College Board: The Non-Profit For-Profit Money Pit


Illustration by Gabrielle Daley

The College Board has monopolized education and students’ paths to college, although it is a “non-profit” organization.

Gabrielle Daley, Editor-In-Chief

Last year, the AP Language and Composition argumentative essay prompt was “what is something you find overrated?” Ironically, the same company that made the test is arguably the most overrated of them all. The College Board, the “non-profit” organization that sucks up millions of people’s money every year over AP classes, SATs, and preparations, has found a way to monopolize education, testing, and students’ futures. It’s everywhere – it’s worked its way into so many high schooler’s curriculums and experiences, and don’t forget… their bank accounts.

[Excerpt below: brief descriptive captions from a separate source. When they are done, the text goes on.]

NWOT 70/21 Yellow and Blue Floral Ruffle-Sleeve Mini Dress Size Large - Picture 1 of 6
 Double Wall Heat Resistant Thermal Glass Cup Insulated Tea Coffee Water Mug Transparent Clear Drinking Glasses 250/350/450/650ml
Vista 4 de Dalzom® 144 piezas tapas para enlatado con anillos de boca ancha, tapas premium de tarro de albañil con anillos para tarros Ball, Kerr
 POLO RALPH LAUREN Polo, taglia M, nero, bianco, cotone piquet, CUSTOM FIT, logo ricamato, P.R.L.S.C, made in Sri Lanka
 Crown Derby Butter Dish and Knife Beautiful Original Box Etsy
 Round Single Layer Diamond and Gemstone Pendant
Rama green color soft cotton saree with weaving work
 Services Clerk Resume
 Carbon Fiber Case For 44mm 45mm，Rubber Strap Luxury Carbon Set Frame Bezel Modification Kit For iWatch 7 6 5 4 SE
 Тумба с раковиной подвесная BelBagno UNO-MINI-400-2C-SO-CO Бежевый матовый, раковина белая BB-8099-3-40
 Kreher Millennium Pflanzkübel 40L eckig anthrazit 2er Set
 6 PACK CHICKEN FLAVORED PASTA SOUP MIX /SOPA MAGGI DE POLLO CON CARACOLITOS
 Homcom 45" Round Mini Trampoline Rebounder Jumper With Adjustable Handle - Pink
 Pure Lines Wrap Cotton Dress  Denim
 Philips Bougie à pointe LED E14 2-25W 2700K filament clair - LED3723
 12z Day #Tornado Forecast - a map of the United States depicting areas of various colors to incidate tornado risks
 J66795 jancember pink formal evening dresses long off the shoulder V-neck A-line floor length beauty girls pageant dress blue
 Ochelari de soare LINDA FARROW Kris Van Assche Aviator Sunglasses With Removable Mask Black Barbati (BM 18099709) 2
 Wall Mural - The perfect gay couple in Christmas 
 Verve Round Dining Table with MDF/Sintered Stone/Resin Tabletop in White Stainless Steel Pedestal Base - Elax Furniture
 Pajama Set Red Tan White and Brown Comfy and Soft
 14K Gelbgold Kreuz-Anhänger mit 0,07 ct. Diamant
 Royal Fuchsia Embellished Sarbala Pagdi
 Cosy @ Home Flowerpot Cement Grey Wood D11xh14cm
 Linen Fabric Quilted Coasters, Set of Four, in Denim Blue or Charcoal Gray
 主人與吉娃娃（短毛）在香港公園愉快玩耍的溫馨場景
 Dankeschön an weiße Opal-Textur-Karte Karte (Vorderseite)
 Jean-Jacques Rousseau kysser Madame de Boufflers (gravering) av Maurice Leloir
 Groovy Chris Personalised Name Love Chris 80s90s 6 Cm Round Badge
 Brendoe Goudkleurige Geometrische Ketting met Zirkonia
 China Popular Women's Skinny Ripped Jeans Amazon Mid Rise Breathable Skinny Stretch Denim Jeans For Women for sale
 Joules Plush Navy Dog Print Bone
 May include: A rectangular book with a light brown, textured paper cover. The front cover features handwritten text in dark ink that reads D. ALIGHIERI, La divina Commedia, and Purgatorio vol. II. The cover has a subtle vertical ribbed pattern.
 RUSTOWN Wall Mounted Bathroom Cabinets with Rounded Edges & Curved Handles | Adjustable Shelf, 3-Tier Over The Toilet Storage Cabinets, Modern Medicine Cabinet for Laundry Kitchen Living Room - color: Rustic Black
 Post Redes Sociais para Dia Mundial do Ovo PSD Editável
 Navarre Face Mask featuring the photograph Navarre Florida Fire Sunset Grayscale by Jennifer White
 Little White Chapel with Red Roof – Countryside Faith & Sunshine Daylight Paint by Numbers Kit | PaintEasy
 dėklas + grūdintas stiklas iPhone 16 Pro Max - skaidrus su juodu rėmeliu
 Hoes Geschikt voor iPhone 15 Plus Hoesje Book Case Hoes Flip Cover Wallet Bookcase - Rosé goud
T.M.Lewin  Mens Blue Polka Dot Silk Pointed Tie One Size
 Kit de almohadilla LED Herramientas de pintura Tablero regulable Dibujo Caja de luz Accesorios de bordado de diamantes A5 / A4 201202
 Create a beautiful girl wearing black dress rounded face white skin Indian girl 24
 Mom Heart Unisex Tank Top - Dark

According to the College Board, 2.1 million students took the beloved SAT in 2018. The SAT costs $48 or $65 including the essay. Now don’t forget that many students pay for practice books, tutors and classes to prepare for the SAT on top of the initial cost. In addition, students in this standardized-test-loving-country pay for the SAT more than once in hopes of achieving a great score that can get them into the college of their dreams. Oh, you want to see what mistakes you made? Look at the Student Answers Service, but first, they need $18. Want to send your scores to a college? That will be $12. Also, the SAT isn’t even standardized. One test could be harder than the other, but the scores still hold the same weight. Although colleges are moving away from requiring the SAT, it’s still a critical part of the admissions process for so many students – and the College Board knows that. That’s why they make you spend hundreds of dollars on it. 

In recent years, AP classes have gained much popularity, although they were originally established by the College Board in 1955. Many schools around the country were told to increase AP enrollment to prepare students for college rigor. Over the past ten years, the number of students who’ve participated in Advanced Placement classes has increased by 70%, according to the College Board. And yes, if a student doesn’t want to spend hours studying and working in an AP class then they don’t have to sign up; however, according to US News, “Advanced Placement classes can set applicants apart in a competitive college admissions environment, demonstrating the ability to perform well on more challenging coursework.”

 Students have to spend an absurd amount of money – $94 per AP test – to sit in a freezing room for three hours to receive their score three months later. In July, students can open up the computer and see their single-digit score. No explanation. No “here’s the breakdown.” Just a single digit that was the product of a year-long course. Then, to send the AP scores to colleges, a student must spend $15 for each school. It makes sense, it must take a lot of effort to send a single digit from one computer to the next. 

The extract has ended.